Short text fragments from websites:
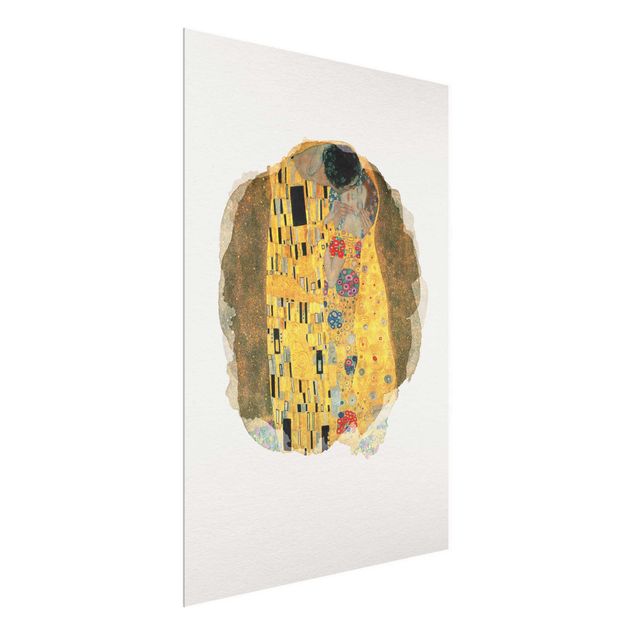 Quadro in vetro - Acquarelli - Gustav Klimt - The Kiss - Verticale 4:3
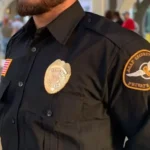 Professional security guard providing retail security services at a Southern California store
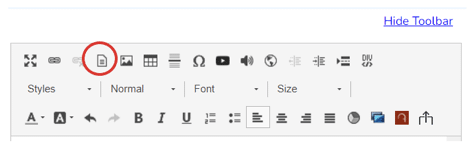 image of web page tool bar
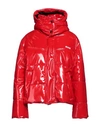 Msgm Woman Down Jacket Red Size 6 Polyester, Elastane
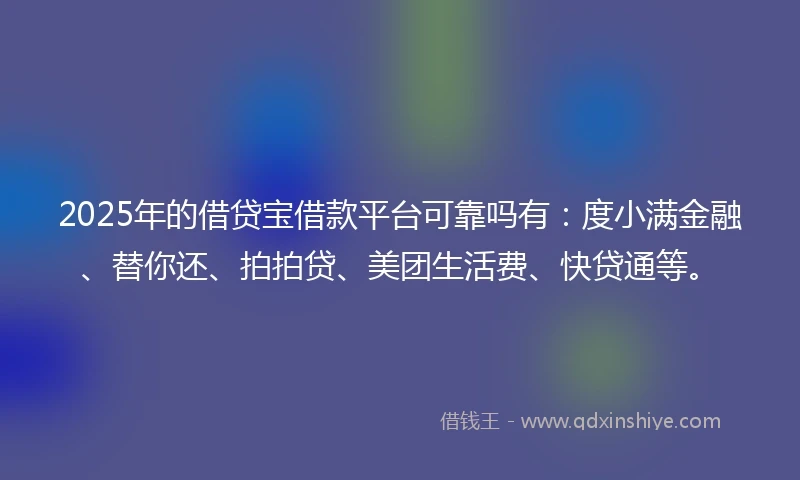 2025年的借贷宝借款平台可靠吗有：度小满金融、替你还、拍拍贷、美团生活费、快贷通等。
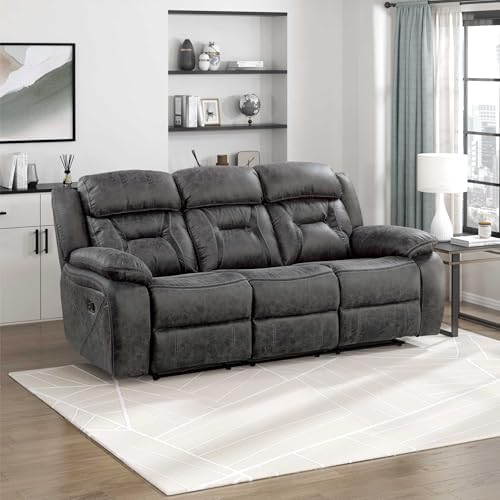 Homelegance Reclining Couch, Polished Microfiber Manual Double Recliner Sofa by Homelegance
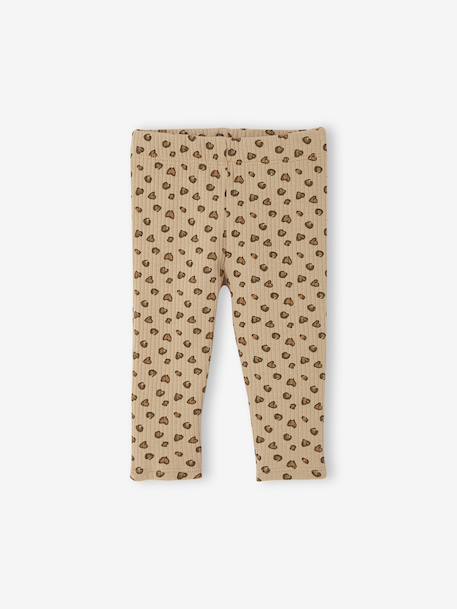 Printed Ribbed Knit Leggings for Babies sage green+taupe 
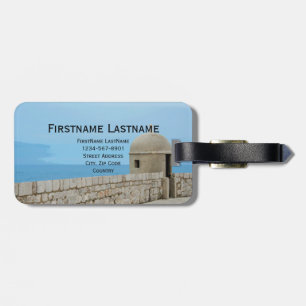 Watercolor painting of Dubrovnik city wall Luggage Tag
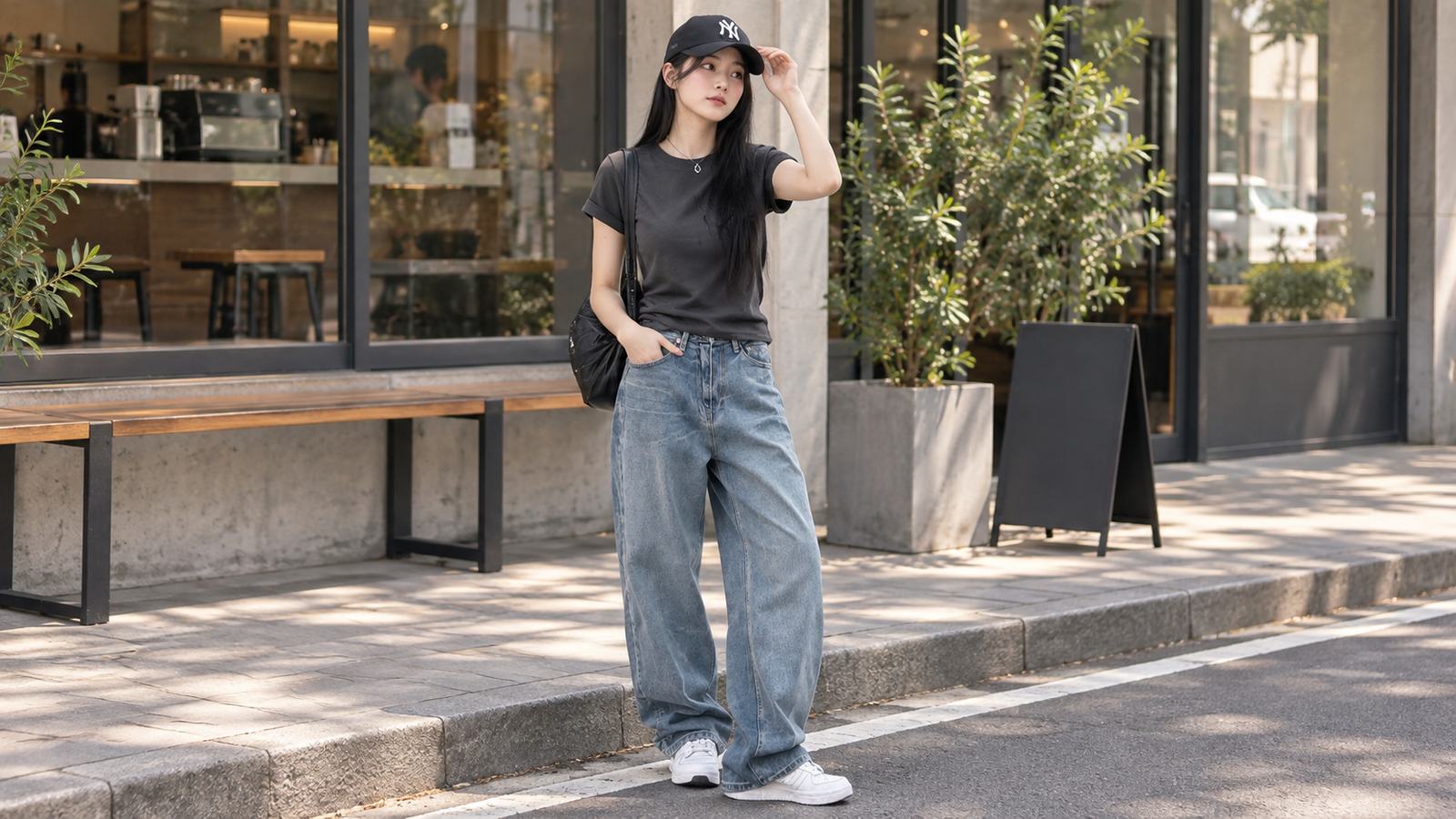 1. Nón kết với áo thun và jeans với nón kết MLB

● **EXERCISE BRIEF**
Drop the pictures, then write out only the lines running from the one containing "image of web page tool bar" through the last line above, both included, exactly.

● **REPLY**
 image of web page tool bar
 Msgm Woman Down Jacket Red Size 6 Polyester, Elastane
 2025年的借贷宝借款平台可靠吗有：度小满金融、替你还、拍拍贷、美团生活费、快贷通等。
 Homelegance Reclining Couch, Polished Microfiber Manual Double Recliner Sofa by Homelegance
 Printed Ribbed Knit Leggings for Babies sage green+taupe 
 Watercolor painting of Dubrovnik city wall Luggage Tag
 1. Nón kết với áo thun và jeans với nón kết MLB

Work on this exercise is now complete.